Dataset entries
######
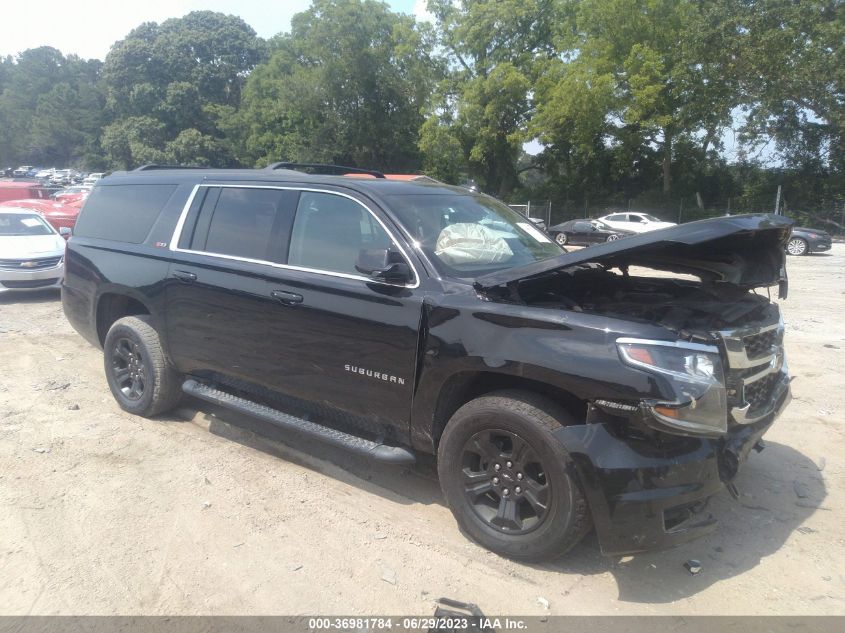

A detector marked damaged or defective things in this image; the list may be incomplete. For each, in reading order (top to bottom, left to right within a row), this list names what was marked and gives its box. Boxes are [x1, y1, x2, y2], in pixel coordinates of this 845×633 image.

damaged front end [472, 214, 796, 552]
crumpled bumper [552, 380, 792, 552]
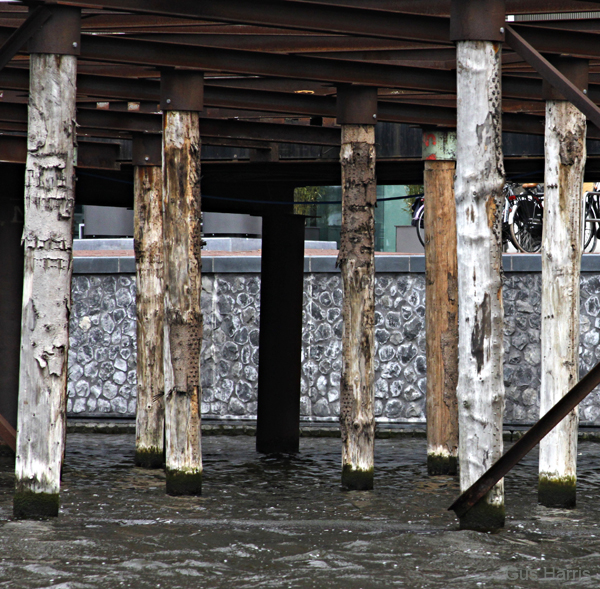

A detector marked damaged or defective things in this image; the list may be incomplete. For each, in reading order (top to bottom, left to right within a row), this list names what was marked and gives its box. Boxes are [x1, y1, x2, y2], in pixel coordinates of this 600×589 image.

rusted steel beam [0, 5, 51, 72]
rusted steel beam [55, 0, 450, 43]
rusted steel beam [506, 25, 600, 130]
rusted steel beam [450, 360, 600, 516]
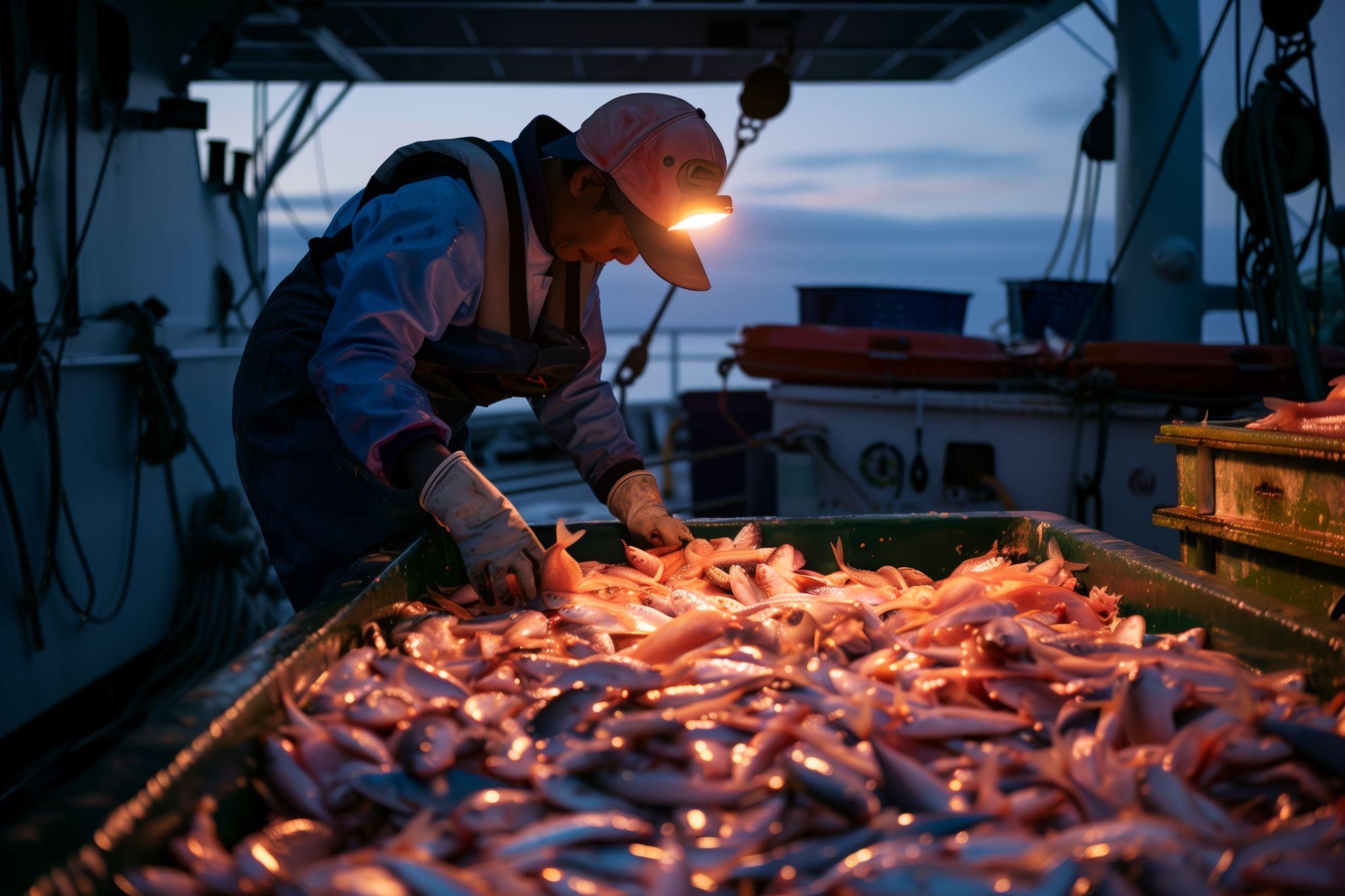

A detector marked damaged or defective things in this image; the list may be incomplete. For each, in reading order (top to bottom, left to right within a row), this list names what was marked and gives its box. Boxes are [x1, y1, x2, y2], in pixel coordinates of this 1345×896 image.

rusty green box [1151, 427, 1345, 620]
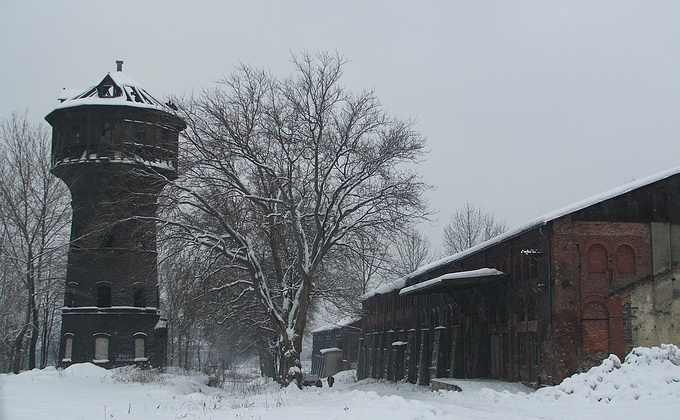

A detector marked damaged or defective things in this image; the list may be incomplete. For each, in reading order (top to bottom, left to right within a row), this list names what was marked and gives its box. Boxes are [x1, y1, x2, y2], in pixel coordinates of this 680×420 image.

broken roof edge [364, 166, 680, 300]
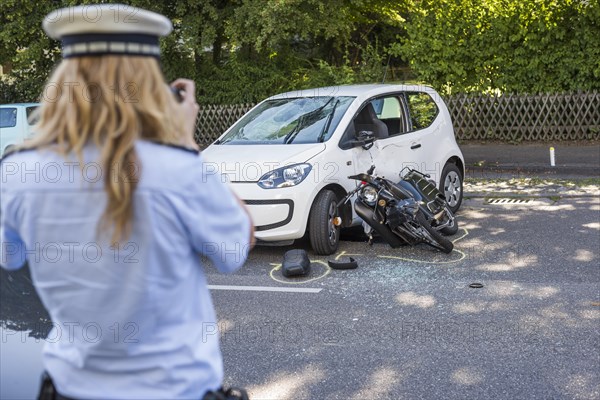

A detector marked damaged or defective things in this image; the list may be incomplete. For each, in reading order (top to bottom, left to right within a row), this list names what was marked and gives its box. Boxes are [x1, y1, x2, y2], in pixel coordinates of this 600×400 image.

crashed motorcycle [338, 166, 460, 253]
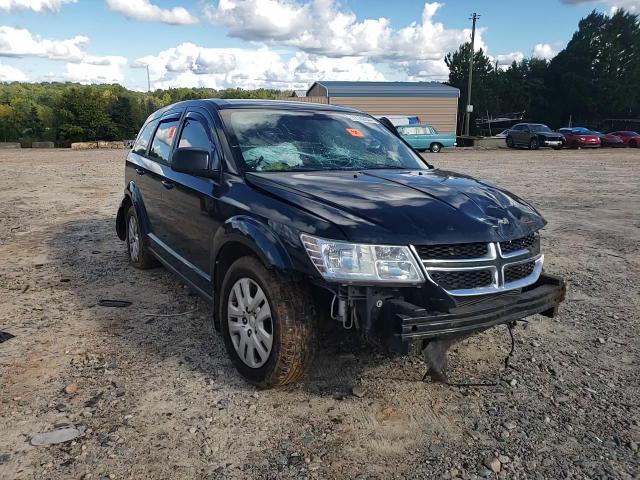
######
▶ **Your objective**
The required result is an exact copy of the lines from the line containing "this 680×420 image." through the end of the entries, with every picture left out.

▶ **Solution to the exercise**
A detector marked damaged or defective things in this image; the list may be incomplete. For each, in reading order (top to bottom, left to right within a row), this list names what was marked and gives its box. Boxes are [x1, y1, x2, y2], in pixel coordinates of this 680×420 image.

broken roof edge [364, 166, 680, 300]

A detector marked damaged or defective things in this image; the list may be incomplete. For each, in reading order (top to bottom, left to right within a row), this list names what was marked and gives its box. Boxes are [x1, y1, x2, y2], in pixel coordinates of this 600×400 image.

crashed motorcycle [338, 166, 460, 253]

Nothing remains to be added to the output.